Local meteorologist’s weather report

When one thinks of a forecast, the local meteorologist’s weather report likely comes to mind. These meteorologists monitor several data sources, such as barometric pressure and historical conditions, to forecast what the coming week’s weather might be like. In some cases, they are almost exactly right. In other cases, their call for a cold, rainy day might result in a warm, cloud-free one. Indeed, these weather models and simulations used to forecast the weather are dynamic, and misreading just one input parameter can result in great miscalculations. However, one might argue that the ability to predict the weather has improved over the years, as have technologies and the understanding of the science behind the weather.

Everything described above can be said for forecasting in operations. There is a reliance on a variety of data sources to construct a best guess of what production needs might be. Data sources might include things like past customer behavior and sales levels, seasonal variations in the demand for products or services, competitive factors, market conditions, and a wide variety of other variables that largely depend upon the kind of product or service that is offered.

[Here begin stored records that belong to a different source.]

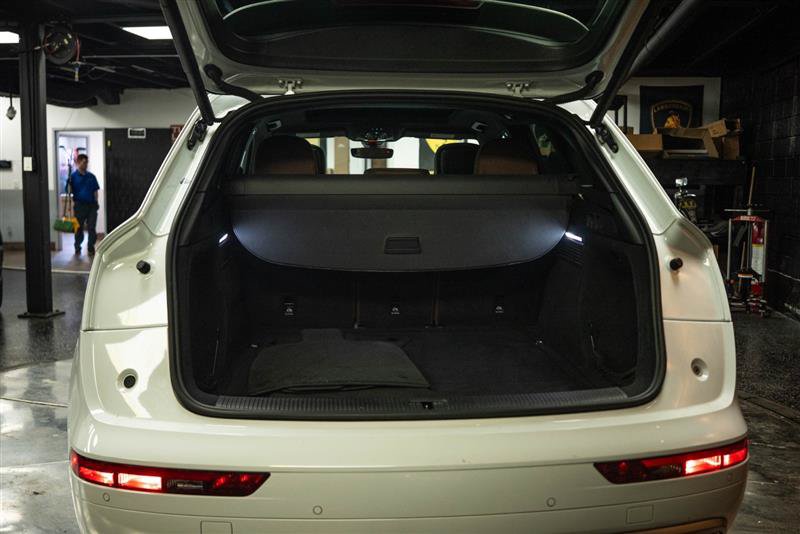 Used 2020 Audi Q5 2.0T Premium Plus AWD/4WD image 7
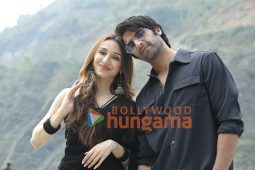 Movie Stills Of The Movie Love Lottery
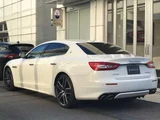 2019 Maserati Quattroporte Sedan for sale, Japanese used car export - photo 7 of 9 | GULJI TRADERS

Sometimes it is adequate to use a simple forecasting model, where projections are based solely on the last period. Other times, a more quantitative technique to derive a forecast is required. Regardless, just like how technology and the science behind weather forecasting has improved, the ability to forecast production requirements has improved over the years for the same reasons. There are better models and more data about consumers (such as the data they provide every time they use the internet or a cell phone). In this module, the importance of forecasting will be discussed. Basic qualitative and quantitative techniques will also be addressed. It is important to remember the saying, “All models are wrong, but some are useful.” There will never be an ability to perfectly predict the future, but an educated, data-based forecast can provide a good starting point.

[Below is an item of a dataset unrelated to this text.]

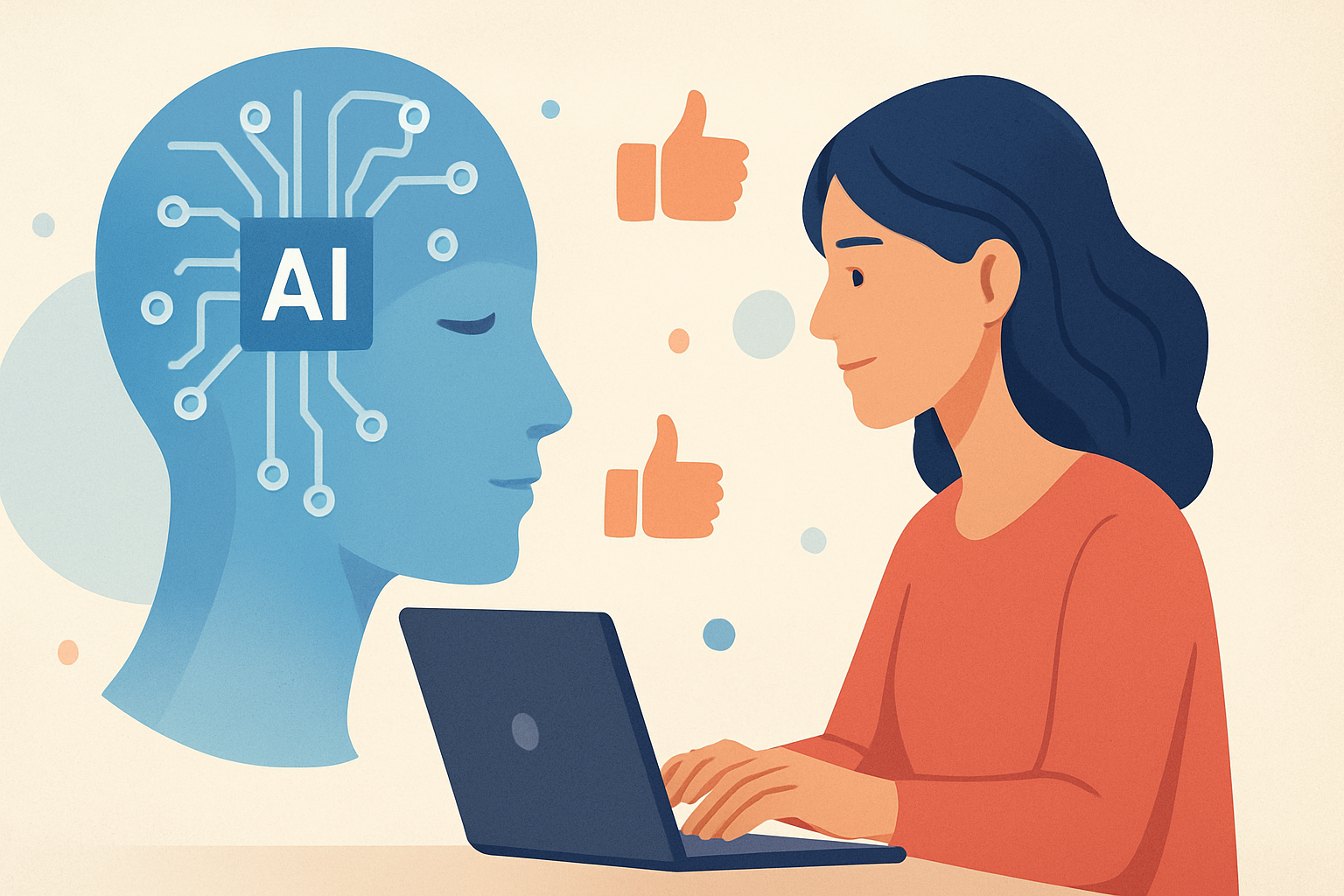 How to Use AI for Personal Branding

Just as it is important to forecast future needs, operations managers need to plan and execute projects related to their operations so that they remain on time and within budget. The role of project management and the use of smart project management tools and techniques are thus inextricably linked to operations management. This module introduces two frameworks used to manage projects: the program evaluation and review technique (PERT) and the critical path method (CPM). These frameworks provide the foundation upon which we can understand additional project management tools, like activity mapping via the creation of network diagrams. Understanding how to properly use these tools is an essential skill for operations managers.